El talco contenía asbesto, un carcinógeno humano

El laboratorio ya no vende su talco para bebés en Estados Unidos y Canadá por una demanda reducida "alimentada por información errónea sobre la seguridad del producto y un aluvión constante de publicidad de litigios". Johnson & Johnson alegó que algunas de las mujeres tenían una predisposición genética o familiar al cáncer, mientras que otras no, por lo que poner todos los casos juntos confundió al jurado y desdibujó las distinciones legales separadas para cada reclamo.

En este sentido, la empresa consignó que actualmente enfrenta más de 21.800 demandas en su contra por sus productos de talco. Nueve de las mujeres murieron de cáncer de ovario, dijeron los abogados de las demandantes.

De todas formas, el producto en cuestión se sigue ofreciendo en otros mercados. Para Johnson & Johnson, la compañía no recibió un trato justo al enfrentarse en un juicio a 22 pacientes con cáncer que provenían de 12 estados y de diferentes orígenes.

La decisión no contó con la participación de todos los magistrados del tribunal superior, ya que el juez Samuel Alito tiene entre 15.000 y 50.000 dólares en acciones del laboratorio y Brett Kavanaugh es hijo del impulsor de la asociación comercial que presionó contra el etiquetado del talco como carcinógeno e incluir una etiqueta de advertencia en los productos de talco.

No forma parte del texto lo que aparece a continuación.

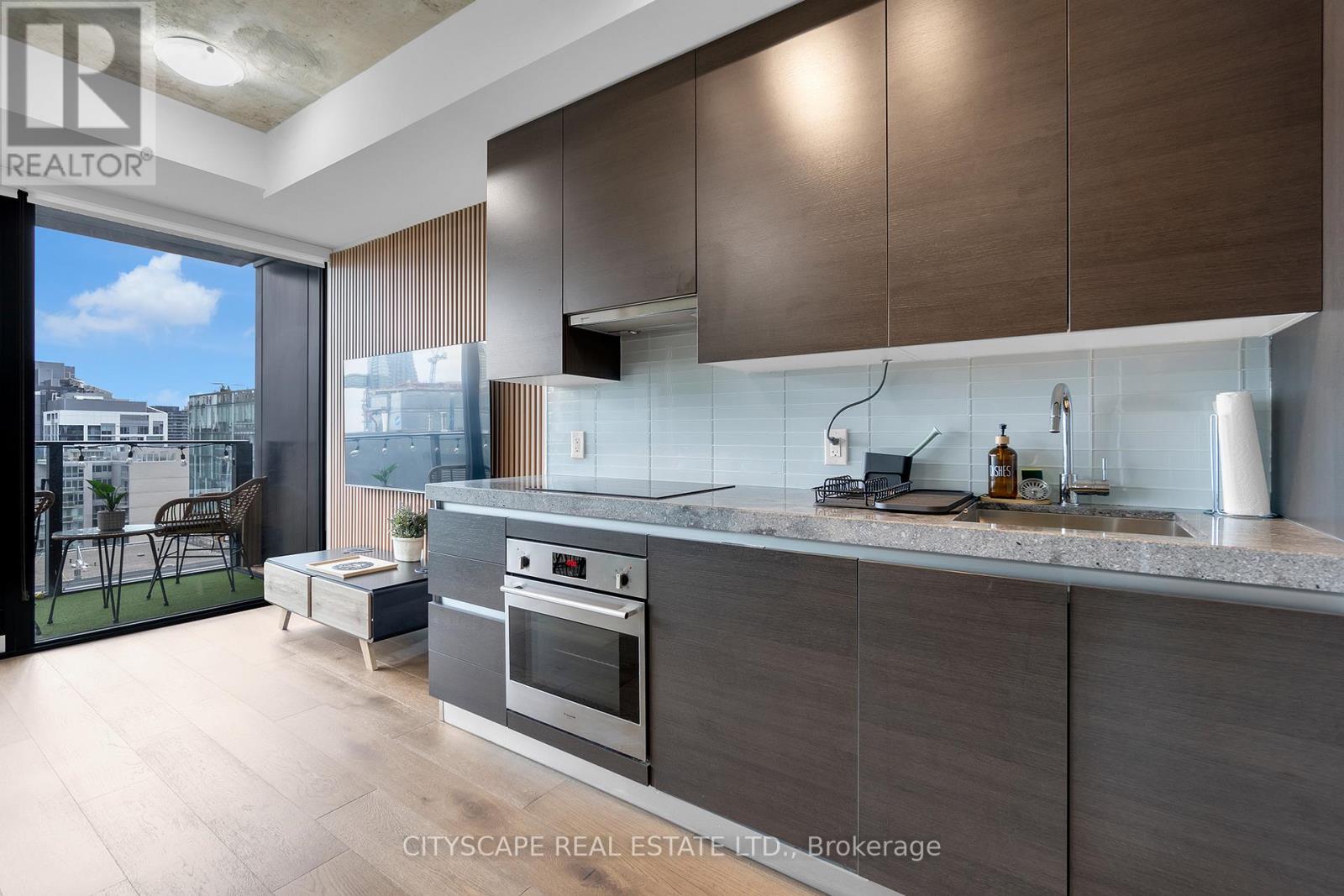 1304 - 629 King Street W, Toronto, Ontario  M5V 1M5 - Photo 15 - C12091873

Un feroz enfrentamiento en los tribunales

La farmacétutica contó con la defensa del exprocurador general interino Neal Katyal, que argumentó que “los reguladores federales y las organizaciones de salud respetadas han rechazado las llamadas de advertencia sobre el talco, y estudios epidemiológicos exhaustivos que rastrean a decenas de miles de consumidores de talco no han encontrado una asociación significativa entre el uso de talco cosmético y el cáncer de ovario”.

El letrado aseguró que los abogados de quienes habían demandado a Johnson & Johnson habían buscado en el país "mujeres a las que se les diagnosticó cáncer de ovario entre las millones que usaron los productos de talco".

Neal Katyal acusó a los abogados de buscar especialmente a mujeres con cáncer para acusar a la empresa

"Pusieron a docenas de demandantes en el estrado para discutir sus experiencias con el cáncer, y el jurado otorga miles de millones de dólares en daños punitivos supuestamente para castigar a los demandantes", dijo Katyal. "Los abogados pueden seguir este guión y presentar los mismos reclamos con los nuevos demandantes y buscar nuevos premios descomunales, una y otra vez".

Por el lado de las mujeres afectadas estaba Ken Starr, exfiscal de Whitewater, que dijo tajantemente que Johnson & Johnson "sabía durante décadas que sus polvos de talco contenían asbesto, una sustancia altamente cancerígena sin un nivel de exposición seguro conocido".

Ken Starr fue tajante: la empresa supo "durante décadas" que sus productos contenían asbesto

"Podrían haber protegido a los clientes cambiando del talco a la maicena, como propusieron sus propios científicos ya en 1973. Pero el talco era más barato y los solicitantes no estaban dispuestos a sacrificar las ganancias por un producto más seguro", subrayó.

En un comunicado, Johnson & Johnson dijo que la decisión de la Corte Suprema dejó importantes cuestiones legales sin resolver. “Los asuntos que estaban ante el tribunal están relacionados con el procedimiento legal y no con la seguridad”, dijo la empresa. “Décadas de evaluaciones científicas independientes confirman que Johnson’s Baby Powder es seguro, no contiene asbesto y no causa cáncer”, concluyó.